Though Rudd’s exit on Sunday night spawned from the Windrush scandal, where men and women from the Caribbean who arrived in the UK between the 1940s to 1970s were caught up in the “hostile environment” and told to prove that they had a right to be here, it was, in the end, questions over targets for enforced removals of illegal immigrants that brought her down.

The former home secretary last week told MPs her department could “sometimes loses sight of the individual”.

Over the next few days, officials in the department leaked a series of damaging memos, emails and letters showing the Tory politician had either purposefully, inadvertently or incompetently, misled parliament.

Rudd had told MPs that she was not aware of Home Office set targets for the number of people to be removed, but an official document leaked to the Guardian, originally copied to Rudd, showed 12,800 enforced returns, then on Sunday the paper had a letter written by Rudd to May in January 2017 about increasing enforced removals by 10 per cent.

Labour leader Jeremy Corbyn said Rudd had been the “human shield” for the Prime Minister.

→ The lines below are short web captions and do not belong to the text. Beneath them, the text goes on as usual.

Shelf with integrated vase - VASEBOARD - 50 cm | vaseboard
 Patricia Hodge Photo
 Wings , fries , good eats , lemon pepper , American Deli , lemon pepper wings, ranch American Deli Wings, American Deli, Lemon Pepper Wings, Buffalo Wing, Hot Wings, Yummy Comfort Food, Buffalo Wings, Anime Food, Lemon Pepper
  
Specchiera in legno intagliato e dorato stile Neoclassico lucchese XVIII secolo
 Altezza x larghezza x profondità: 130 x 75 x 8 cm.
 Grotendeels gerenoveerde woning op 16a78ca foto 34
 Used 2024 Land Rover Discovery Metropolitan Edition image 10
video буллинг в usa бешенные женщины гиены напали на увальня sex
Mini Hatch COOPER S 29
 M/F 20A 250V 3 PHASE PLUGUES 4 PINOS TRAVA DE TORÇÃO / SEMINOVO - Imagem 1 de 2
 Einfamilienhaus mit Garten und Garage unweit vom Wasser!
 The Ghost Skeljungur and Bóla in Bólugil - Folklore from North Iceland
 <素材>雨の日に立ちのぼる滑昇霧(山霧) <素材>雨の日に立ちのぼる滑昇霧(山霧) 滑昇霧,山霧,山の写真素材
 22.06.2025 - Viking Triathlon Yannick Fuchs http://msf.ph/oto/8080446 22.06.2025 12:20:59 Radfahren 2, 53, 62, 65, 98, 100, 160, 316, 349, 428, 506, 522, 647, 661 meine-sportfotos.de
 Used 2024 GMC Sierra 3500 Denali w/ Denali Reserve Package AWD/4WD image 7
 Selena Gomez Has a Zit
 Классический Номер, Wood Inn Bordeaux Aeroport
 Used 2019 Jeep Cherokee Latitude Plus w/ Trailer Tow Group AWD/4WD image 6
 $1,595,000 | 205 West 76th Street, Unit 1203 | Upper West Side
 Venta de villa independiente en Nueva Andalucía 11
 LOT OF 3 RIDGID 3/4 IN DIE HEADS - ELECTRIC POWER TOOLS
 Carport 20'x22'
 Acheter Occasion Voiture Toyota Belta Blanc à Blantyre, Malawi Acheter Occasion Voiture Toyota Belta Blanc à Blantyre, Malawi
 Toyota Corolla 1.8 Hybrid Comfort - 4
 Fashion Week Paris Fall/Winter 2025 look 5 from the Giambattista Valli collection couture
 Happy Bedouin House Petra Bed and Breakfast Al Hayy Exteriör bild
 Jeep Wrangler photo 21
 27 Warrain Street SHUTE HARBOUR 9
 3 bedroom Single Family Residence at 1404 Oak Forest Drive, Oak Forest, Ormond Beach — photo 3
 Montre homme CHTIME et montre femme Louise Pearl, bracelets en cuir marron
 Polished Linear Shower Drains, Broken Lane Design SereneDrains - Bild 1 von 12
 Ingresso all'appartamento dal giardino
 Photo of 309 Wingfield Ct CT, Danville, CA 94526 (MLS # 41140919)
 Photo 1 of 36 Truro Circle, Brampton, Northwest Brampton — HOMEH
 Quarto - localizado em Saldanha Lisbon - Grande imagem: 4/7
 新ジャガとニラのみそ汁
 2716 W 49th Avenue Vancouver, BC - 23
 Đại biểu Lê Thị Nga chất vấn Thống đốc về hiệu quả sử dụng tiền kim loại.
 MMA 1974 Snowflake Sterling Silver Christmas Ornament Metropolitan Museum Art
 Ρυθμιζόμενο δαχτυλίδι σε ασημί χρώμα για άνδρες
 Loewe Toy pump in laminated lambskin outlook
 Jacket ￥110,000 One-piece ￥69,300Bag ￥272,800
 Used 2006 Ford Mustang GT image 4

But during a local election campaign visit to Greater Manchester, Theresa May, Britain’s home secretary until two years ago, attempted to distance herself from the bourach in the Home Office.

Speaking to reporters during a visit to Brooklands Primary School in Sale, Greater Manchester, May was asked three times if the Windrush scandal was a resignation matter for her or if she should take responsibility for it. She did not answer.

May said: “The Windrush generation are British, they are here, they are part of us and what we have done is, in recognising the concern that has been raised, put a team in place that will be working with people to ensure that they get the documents that are necessary.”

Shadow home secretary Diane Abbott said it should have been May and not Javid facing MPs.

She said: “We want to talk to her about the aspects of the so-called hostile environment which she was responsible for and led to the Windrush fiasco.”

Abbott added later: “All roads lead back to Theresa May and her tenure as Home Secretary.”